In diesem Buch der Autorin steht das ›Anderssein‹ im Mittelpunkt. Anderssein – nicht den festgelegten Verhaltensnormen der Gesellschaft entsprechen. In der Handlung geht es um eine junge erfolgsverwöhnte junge Frau, die eine bipolare Störung hat. Mit der Charakterbeschreibung der Hauptprotagonistin Patricia Fischer hat Mari März hier eine Punktlandung hingelegt. Denn Patricia Fischer ist charakterlich kaum einzuordnen, schwer zu greifen und sehr facettenreich. Das kommt hin, denn ich selbst kenne zwei solcher außergewöhnlichen Menschen, die ich sehr mag und die ziemlich kreativ und erfolgreich sind, wenn sie ihre schöpferischen Phasen haben.

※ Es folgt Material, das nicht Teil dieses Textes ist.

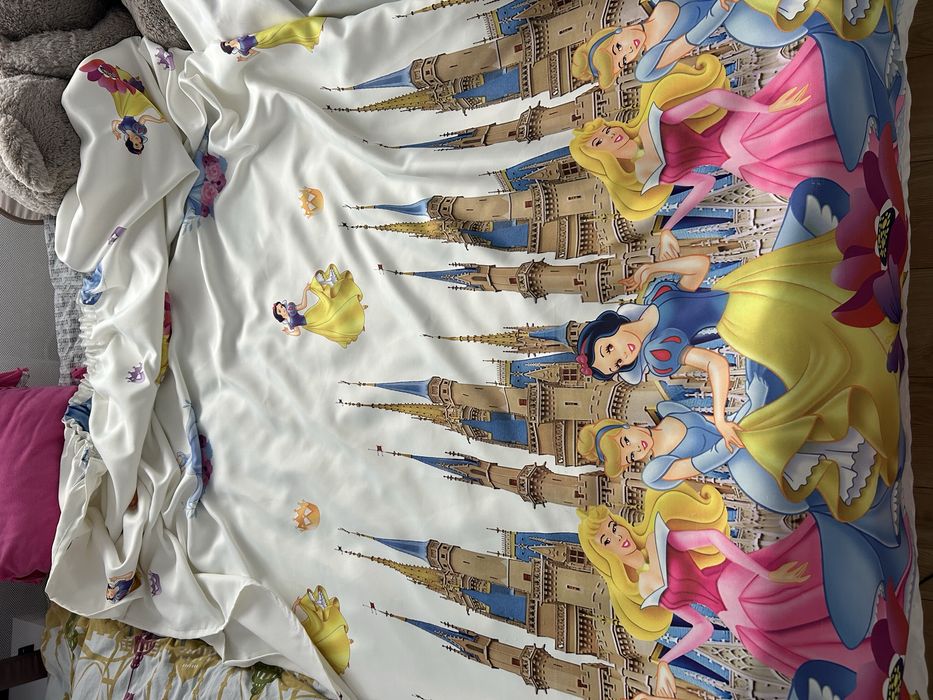 Draperii cu printese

Meist wird das ja unterbunden, solche Menschen bekommen oftmals ein Wust dämpfender Medikamente. So auch im Roman Patricia Fischer und das von Kind an. Sie durfte eigentlich nie richtig sie selbst sein – sondern genormt eben. Die Eltern Patricias sind gut situiert – da darf das Mädel natürlich nicht auffallen. So hat sie sich nie richtig kennengelernt – weiß gar nicht wie ihr richtiges ICH eigentlich ist, ob sie überhaupt je eines hatte – wenn ja, hat sie es mit 12 Jahren schon verloren.

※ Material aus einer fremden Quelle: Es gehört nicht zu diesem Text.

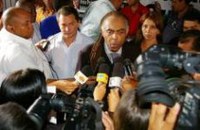 Ministro Gilberto Gil inaugura Ponto de Cultura na Comunidade de Curiaú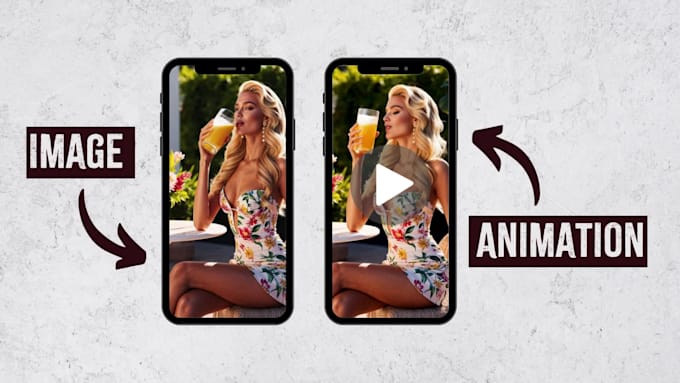 turn your image into an animated video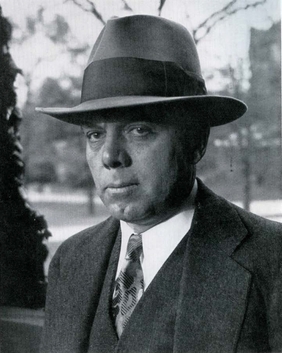 Portrait of Frank G. (Frank Gouldsmith) Speck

Nach einem missglückten Suizid gerät ihr ganzes Leben durcheinander, privat und auch beruflich. Sie nimmt sich eine Auszeit und versucht entlegen aller Geschäftigkeit, zu sich selbst zu finden. Und dann schwebt in ihrem Unterbewusstsein noch eine dunkle Wolke aus ihrer Kindheit, die sie nie fassen kann, die zugedeckt wurde von der jahrelangen Medikamenteneinnahme und so finster ist, dass es ihr vor der Wahrheit graut. Doch ihr Zwillingsbruder stupst sie fast mit der Nase darauf und bleibt da ziemlich hartnäckig. Er gibt ihr einen Karton voller Erinnerungen mit in diese Auszeit, dessen Inhalt sie sich anschauen möchte. Ein Schlüsselerlebnis, welches so eindringlich ist, dass sie es wegschieben und nicht hinsehen will, es am liebsten verdrängen würde, was sich ihr da offenbart. Doch eine tiefe kurze bittersüße Liebe, Fürsorglichkeit und eine Offenheit, die sie dabei erfährt und bis dahin nicht kannte, bewegt Patricia dazu, sich mit ihrem ICH auseinanderzusetzen, sich so anzunehmen wie sie ist, auch sich das Dunkel, was nun frei liegt, genau anzusehen. Sie zieht persönlich für sich die richtigen Schlussfolgerungen und denkt an einen Neuanfang. Diese positive Erkenntnis der Hauptprotagonistin, unterstreicht Mari März mit meinem Lieblingsgedicht Hermann Hesses – »Stufen«. Besser kann man gelebte Vergangenheit und einen völligen Neubeginn, einen Neustart seines Lebens nicht akzentuieren.
Wunderbar geschildert hat die Autorin im Buch auch die innige Verbundenheit zwischen Zwillingen, die ich seit sechs Jahren bei unseren Zwillingsenkeln hautnah miterleben darf.
Ich empfehle dieses Buch sehr gerne der Leserschaft weiter, es ist bemerkenswert sensibel, spannend und sehr lebendig geschrieben und zeigt auch die Einsamkeit des Anderssein in unserer Gesellschaft. Dabei gibt es viele berühmte Persönlichkeiten, die ebenso sind und ohne die wäre unsere Welt ein bisschen ärmer.